In the Edit Relationships box above, you might also notice a couple of extra options – Cascade Update Related Fields and Cascade Delete Related Fields. These options allow the database to handle situations where the primary key record needs to be deleted or the primary key value itself needs to be changed. (Sometimes database developers use real-world values for primary keys.)
- Cascade Delete will delete any records in PublishedWorks that reference a record in Authors that was being deleted, after a warning message. With this option, you could remove an author and all of his or her books from the database.
- Cascade Update will update the foreign key value in any PublishedWorks records that reference a primary key value in Authors. In other words, if I was using the author’s e-mail as the primary key and that e-mail changed in Authors, it would be updated in all the PublishedWorks records.
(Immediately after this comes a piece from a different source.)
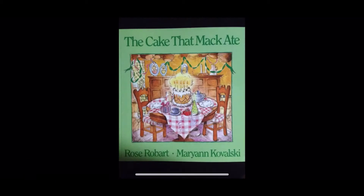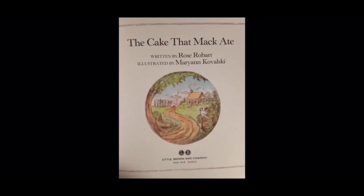Hi friends, welcome back to Storytime with Mrs. Simmons. Today's story is The Cake That Mac Ate by Rose Robert, illustrated by Marianne Kowalski.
What Does this Mean in the Real World?
This will probably seem pretty obscure and technical to you until you understand how the users see it. Databases on their own aren’t really useful unless you can search and report on the data in various ways. Access and other systems enable you to create data entry forms and finished reports to work with the information in the databases. The image below shows the query interface in Access that enables you to specify the data you want to see at a specific time.
The query automatically recognizes the relationship between these tables. In the bottom half of the query, you can see specific fields have been selected from both tables and the query has been instructed to sort on the book title. The results are shown below.
This query has assembled a report-ready collection of data from two related tables. The author first and last names are stored in separate fields but have been formatted to appear as a single value. This means that you could display them with the first name first but still sort on last name. James A. Michener appears twice in the results but his name is only stored once in the database and, no matter how many of his books are included, his name will always be correct because it’s only being referenced from one entry. This data can be reformatted and displayed in any way it’s needed.
What Does this Mean for You?
Once you understand referential integrity, you are better able to understand the role of database systems such as Microsoft Access or MySQL which are frequently used for such things as reporting systems and website data storage. This enables you to learn about these tools and put them to work on large collections of data and that’s a very valuable skill in business.